Recently, a person asked us whether we think wind turbines are “a good technology.”  The person had seen a video claiming that wind turbines cause massive amounts of wildlife deaths and was adamant that the video was not “political.”  We responded by asking, “Did you check who paid for the video?” After a short silence, the person reasserted that the video was definitely unbiased and not political. 

The definition of “politics” means “the activities of the government, members of law-making organizations, or people who try to influence the way a country is governed;” and, “the relationships within a group or organization that allow particular people to have power over others.” (1)  

When businesses engage in politics it is often not obvious to the public.

The methods of how businesses gain power over people have been studied and refined over thousands of years.  This year, political campaigns used social media techniques to reach wider audiences and influence people in subtle ways.  Market research was used to target emotions, such as fear and anger. 

Since ancient times, fear has served the powerful purpose of protecting us from threats.  The technology capable of targeting fear for gaining political influence has rapidly changed over the last few years.  Now, people are targeted in their homes and during their most vulnerable moments. 

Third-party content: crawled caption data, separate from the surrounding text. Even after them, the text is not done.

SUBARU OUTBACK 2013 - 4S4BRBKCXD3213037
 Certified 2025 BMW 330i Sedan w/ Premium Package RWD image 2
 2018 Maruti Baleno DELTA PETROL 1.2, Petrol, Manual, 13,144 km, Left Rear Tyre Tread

In an effort to control not only elections, but also market power, businesses are using social media campaigns to target people of all ages and at all times.  The ability to so pervasively exert influence over people is a dictator's dream realized.

Seemingly unbiased videos, articles and social media campaigns carefully curated based on market research are catching the public off guard.  Most people are unaware of their underlying political motivations.  People believe they are getting unbiased facts and are being tricked into supporting causes and companies that are against even their own best interests.  A perfect example is with the politics of climate change and renewable energy where public misinformation campaigns are running in a multitude of ways.

Market research is a powerful tool, especially when combined with current social media technology.  

In the higher ranks of politics, chief of staff use spreadsheets to track what motivates political appointees so they can get the support they need from them on key issues.  This same technique is being used on an unknowing public. The use of market research and social media campaigns is in its zenith.  Lists of what motivates groups of people are tracked on complex spreadsheets and plugged into algorithms for political campaigns designed for market power. 

For better or worse, U.S. law treats a corporation as a legal "person" that has standing to sue and be sued. Although stockholders are protected from most liabilities of the corporation, the legal "person" status of corporations gives the business perpetual life.  These perpetual entities fund the political and social media campaigns which determine who makes our laws and how they are implemented. 

Is it possible to separate business from politics?  Not in the U.S., where everyone is tracked for market research and used for market gain.